Thoracic epidural analgesia is often employed to provide adequate analgesia postoperatively, with the benefits essentially the same as for other major abdominal surgery. The hypotension associated with their use is a slight drawback, due to the unpredictable, possibly exaggerated response associated with vasopressors in carcinoid disease. Low dose anaesthetic should be the target.
General anaesthesia should aim to provide as stable physiology as possible to reduce the risk of triggering a carcinoid crisis. Airway manipulation should be performed only with adequate anaesthesia and relaxation on board. The actual anaesthetic technique does not matter much beyond this, but remifentanil has some favourable characteristics in this regard. Histamine releasing agents (atracurium, morphine) should aim to be avoided.
The unpredictable response to vasopressors is a particularly concerning features of anaesthesia for carcinoid syndrome. Any pharmacological stimulation of the autonomic nervous system can result in release of vasoactive substances, worsening the cardiovascular state further. Cautious use of phenylephrine appears to be the best of the usual vasopressors to use. However, if there is concern about the release of vasoactive substances intraoperatively, the best management strategy is titrated doses of octreotide (25-50 mcg).

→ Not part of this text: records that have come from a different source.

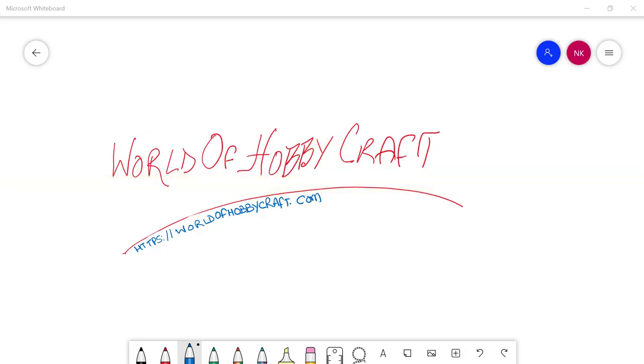Welcome to World of Hobbycraft. Today I am going to show you how to use a pen with a display drawing tablet and Microsoft Whiteboard.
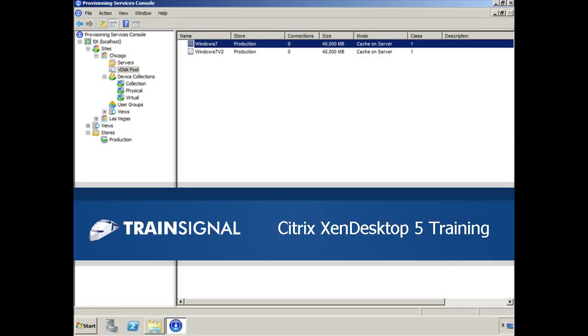Hi, this is Elias Kineser, and the following demonstration is from my Citrix Zen Desktop 5 training course.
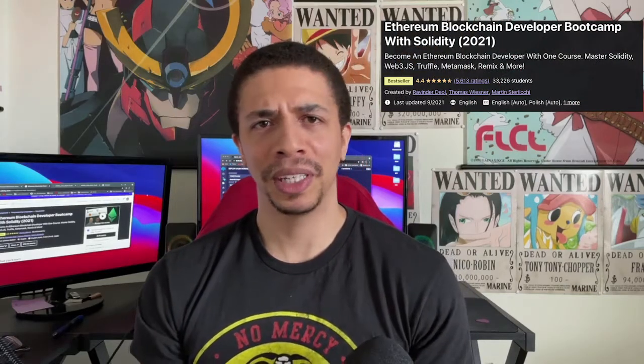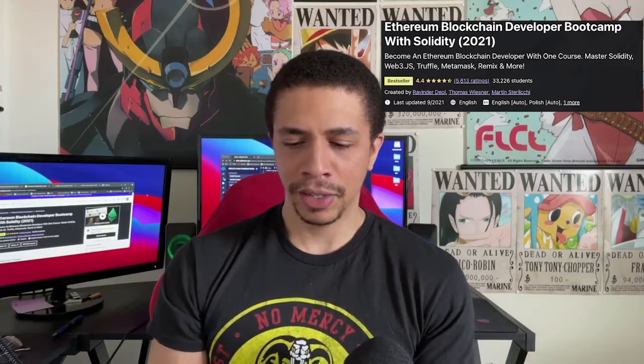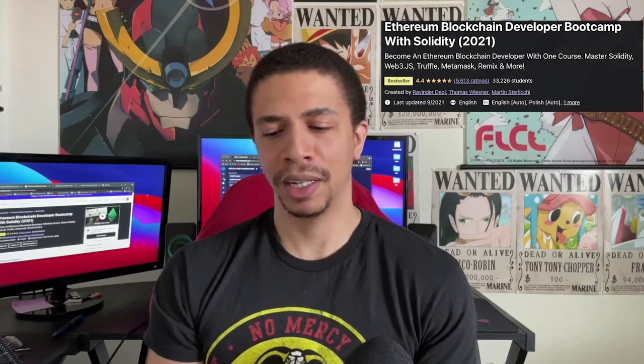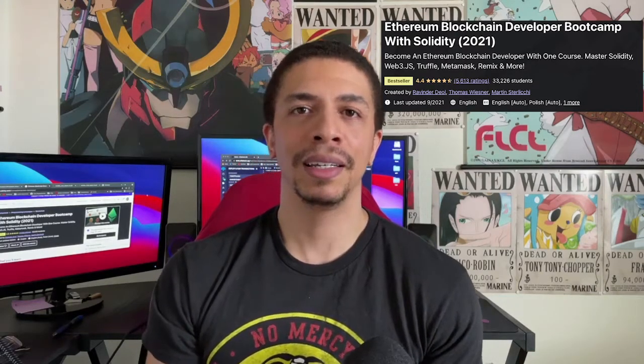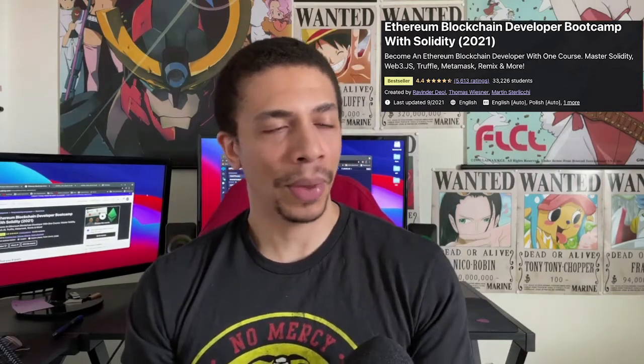The first thing I did after Googling for about an hour and looking at all the beginner sources out there for coding on the Ethereum blockchain was hop over to Udemy. I found a really good Udemy course — it had really good reviews, a lot of reviews, high stars. It's called Ethereum Blockchain Developer Bootcamp with Solidity. I'll put it on the screen and have a link to it down below. I started this course and I've been going through it.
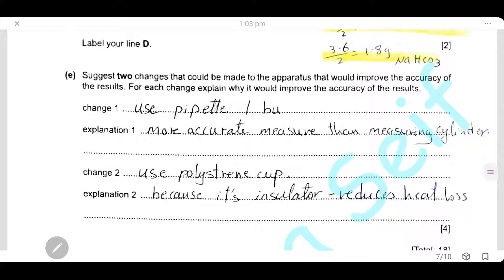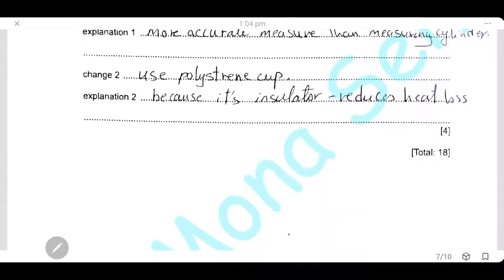Suggest two changes to the apparatus to improve the accuracy of the results. Change 1: use a pipette or burette to measure the dilute hydrochloric acid, because they are more accurate than a measuring cylinder. Change 2: use a polystyrene cup because it is insulated and will reduce heat loss.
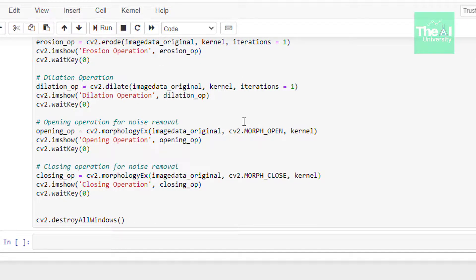Many of you may be confused about why the text in the eroded image appears thick when erosion removes pixels, and why the text in the dilated image appears thin when dilation adds pixels. This is because OpenCV treats the white portion as the object rather than the black text. So erosion removes white pixels from the boundary of the black text, making the black text appear thicker; and dilation adds white pixels to the boundary of the black text, making it appear thinner.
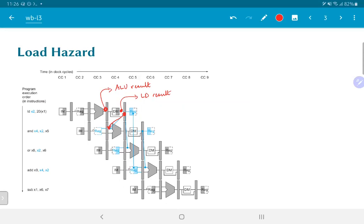The result obtained from data memory, which would then get written into the MEM/WB pipeline register, would need to be used by the AND operation — the very next operation. Unfortunately, the AND operation is going through its EX stage at the same time that the data memory fetch is happening for the load instruction. Unless we do something about this, the AND will end up operating on the wrong data, and there is no way to do any forwarding to get data back to it at the right time.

There can be significant bleeding during resection surgery, particularly with liver resection, and so fluid balance is also an important consideration. This is particularly important so as not to ascribe all cardiovascular changes to vasoactive substance release.

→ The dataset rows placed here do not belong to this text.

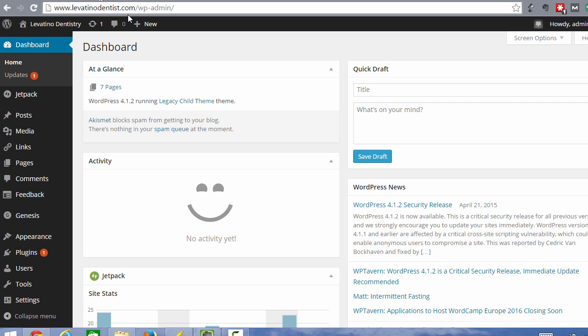The way you do that is to go to your site name, whateveritis.com forward slash WP admin and that is going to bring you to the login page where you would type in your login credentials.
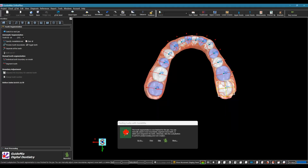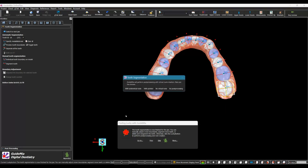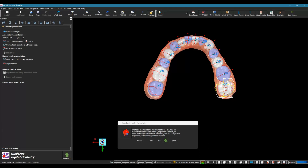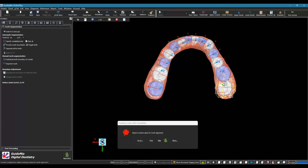The tooth segmentation is now finished for the lower jaw. You can manually adjust crown boundaries, segment more teeth, or delete and re-segment teeth. Otherwise, click the Lucky Button to perform post-processing and root creation. It is recommended to inspect all tooth boundaries and make necessary adjustments — just right-click on the tooth model and select the menu item. If some teeth are not segmented, use the manual segmentation tool on the left side of the workflow panel.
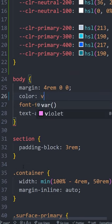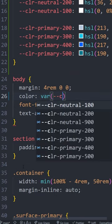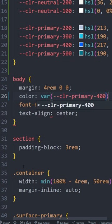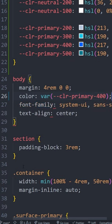Custom properties are just the best, but it can seem kind of annoying to use them when you have to type out var open parentheses hyphen hyphen the name of your variable close parentheses semicolon. It's a lot of characters, but there's actually a much faster way to write it if you're using VS Code.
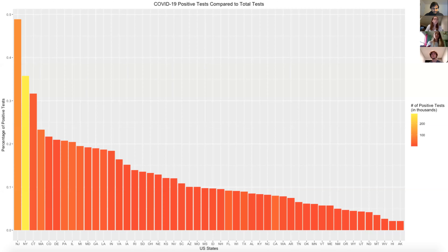The second graph has the U.S. states on the bottom and the y-axis represents the percentage of positive tests in each state. As we can see by the fill of the bars, New York and New Jersey also have the highest number of positive tests.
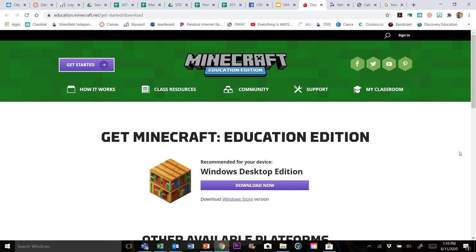Hello learners! I'm going to take a moment here to show you how to download the Minecraft Education Edition.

Postoperative care will need to be provided in a highly monitored environment, usually a critical care environment. Monitoring should continue in the immediate postoperative period. Similarly, it is important to continue octreotide, as the risks of stimulation continue.
The presence of metastases has a significant impact on reducing long term outcome. Patients with fully resected local disease have an excellent long term outcome. The site of the tumour also has some impact. Lung carcinoid has the best 5 year outcomes.